This repo is based on Diffusion Transformers with Representation Autoencoders (RAE). For clarity and conciseness, I removed their original README content, but I suggest you read the original one first before you read my updates.
Goal: Finetune a (source) encoder model, so that its output aligns with that of another (target) encoder model. The source and target models receive paired inputs, where two images are "identical" in essence (depending how you define essence), but differ in domain or appearance. For example:
- VOC mask experiment: Source model receives images overlayed with semi-transparent segmentation maps, while target model receives the corresponding original images.

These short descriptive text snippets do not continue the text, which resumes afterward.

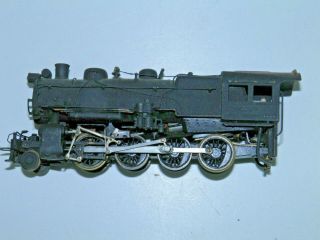 Vintage Ho Scale 456 Metal Body Steam Engine Early 50 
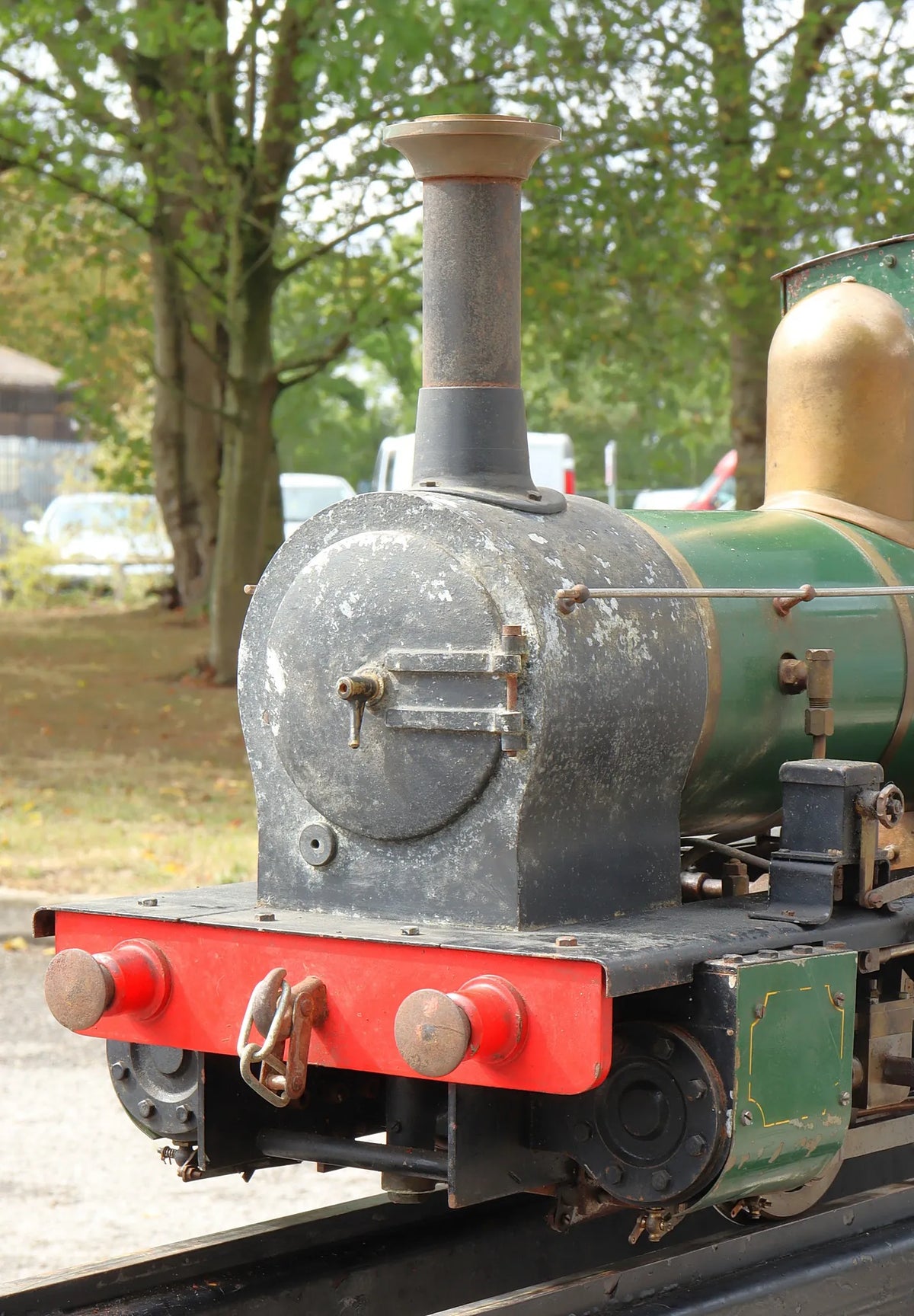 5 inch gauge Polly II 0-4-0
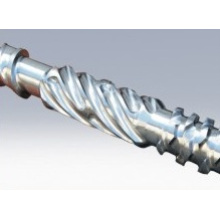 Bimetallschraube für Extrusionsmaschinenpoe -Schraube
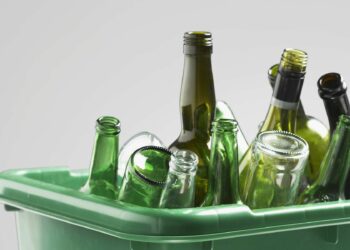 Comment distinguer le verre du plastique ?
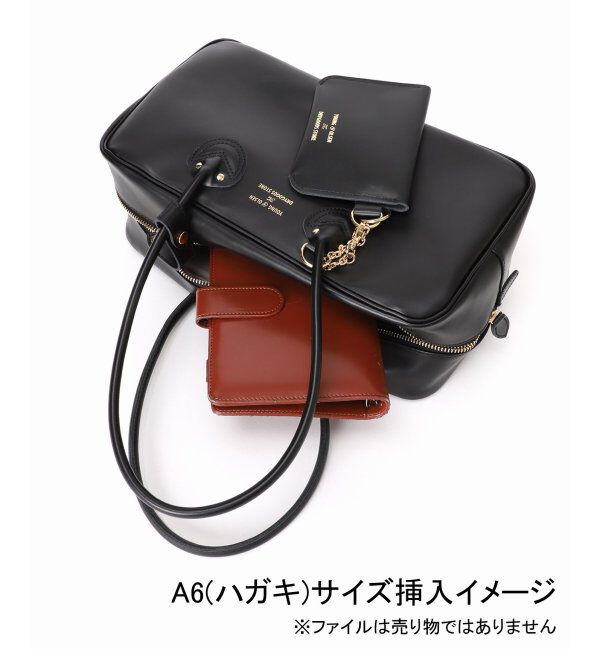 FRAMeWORK「≪追加≫YOUNG&OLSEN 別注SMOOTH LEATHER STUDENT M KHWL 2」|ハンドバッグ|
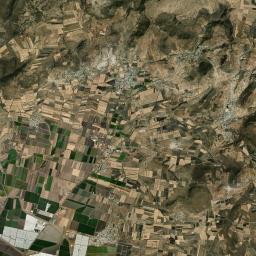 La Ordeña Satellite Map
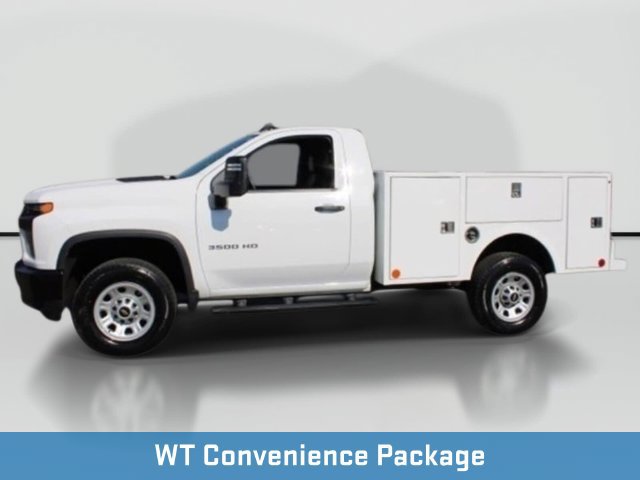 Used 2022 Chevrolet Silverado 3500 W/T w/ WT Convenience Package AWD/4WD image 3
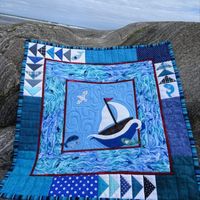 Quilt at the Sea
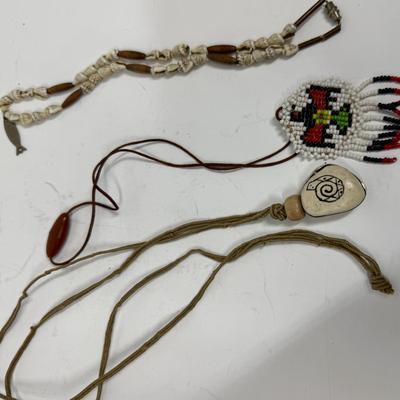 Native American influenced vintage jewelry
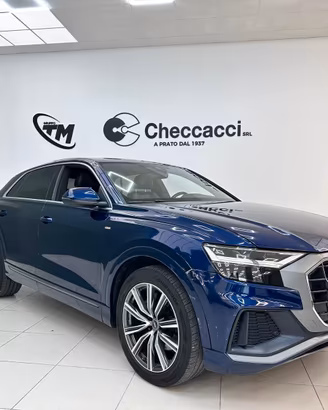 AUDI Q8 I 2021 45 3.0 tdi mhev S-Line Sport quattr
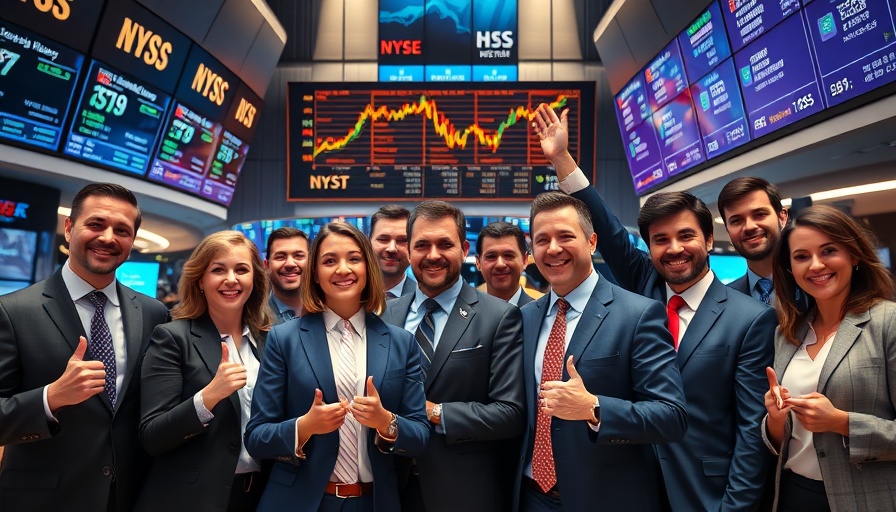 Celebration at Nigeria's first publicly listed ISP debut, stock exchange.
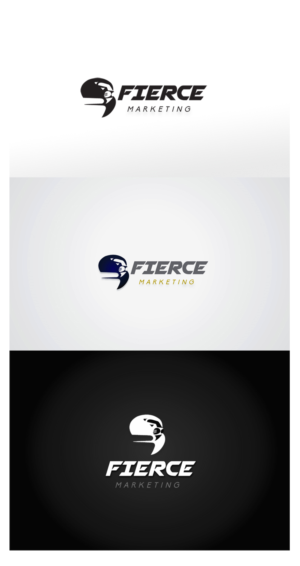 Logo Design by CanDoDesign for Fierce Marketing Enterprises | Design: #11272641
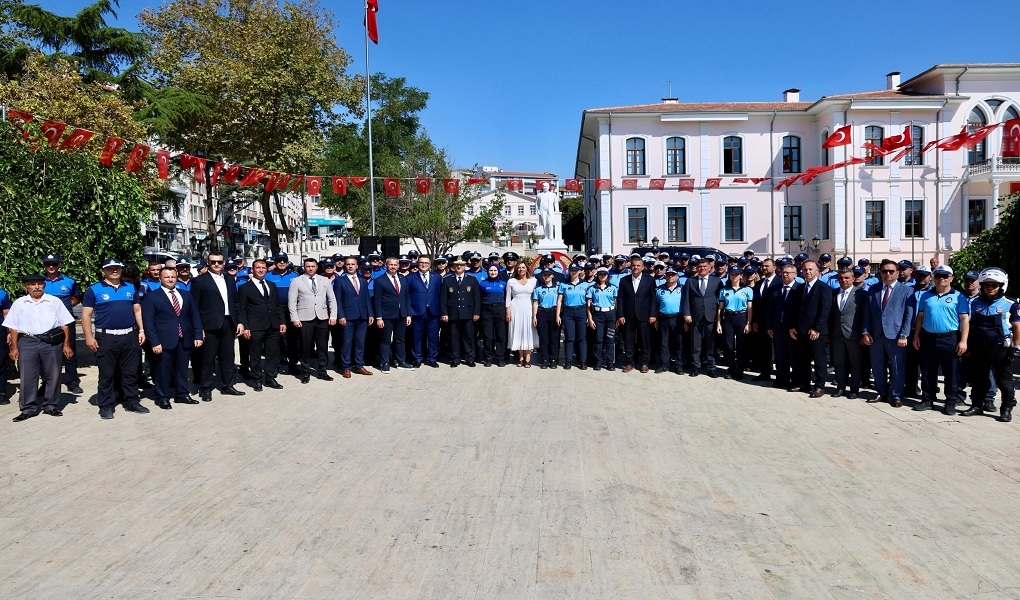 ZABITA TEŞKİLATININ 200’ÜNCÜ KURULUŞ YILDÖNÜMÜ TEKİRDAĞ’DA KUTLANDI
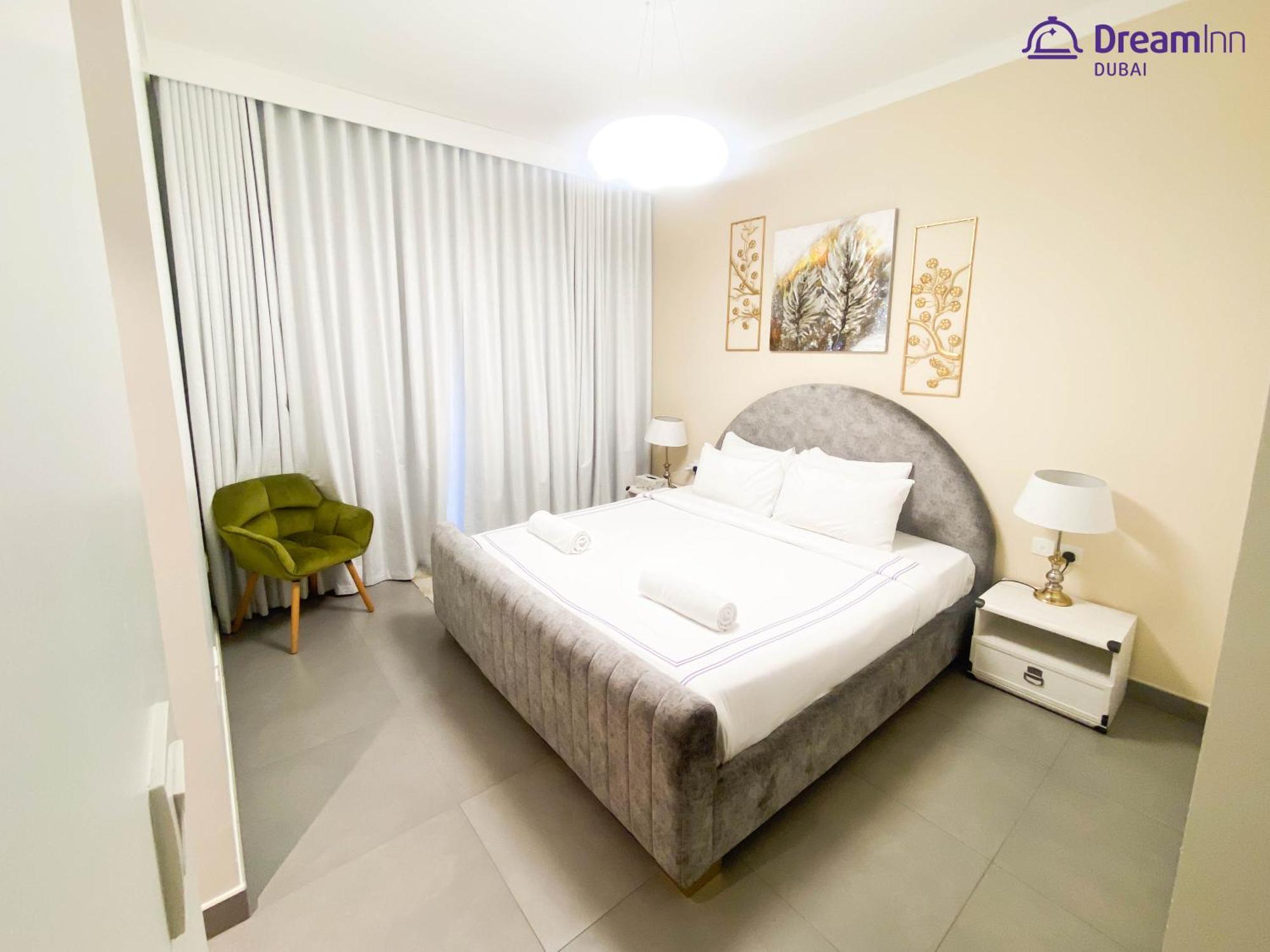 Dream Inn Apartments - Dubai Creek Harbour Dış mekan fotoğraf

- Pose encoder experiment: Source model receives images of robot embodiment A, while target model receives images of robot embodiment B in the same pose. (Here the "essence" of an image is defined as the pose of the robot arm in the image.)
We adopt the RAE codebase, where DINOv2 serves as the encoder. We can finetune it with LoRA. A key contribution of RAE is that it provides a decoder for DINOv2, which helps us with validation and visualization (how well our alignment is doing).
conda create -n rae python=3.10 -y
conda activate rae
pip install uv
# Install PyTorch 2.2.0 with CUDA 12.1
uv pip install torch==2.2.0 torchvision==0.17.0 torchaudio --index-url https://download.pytorch.org/whl/cu121
# Install other dependencies
uv pip install timm==0.9.16 accelerate==0.23.0 torchdiffeq==0.2.5 wandb
uv pip install "numpy<2" transformers einops omegaconf
# The following steps are additional steps for our alignment training codebase
pip install -U albumentations
pip install -U datasets
pip install matplotlib
python -m pip install "numpy<2" --upgrade
uv pip install --no-deps torchmetrics==1.3.1
uv pip install --no-deps lightning-utilities
uv pip install --no-deps "pytorch-lightning==2.2.*"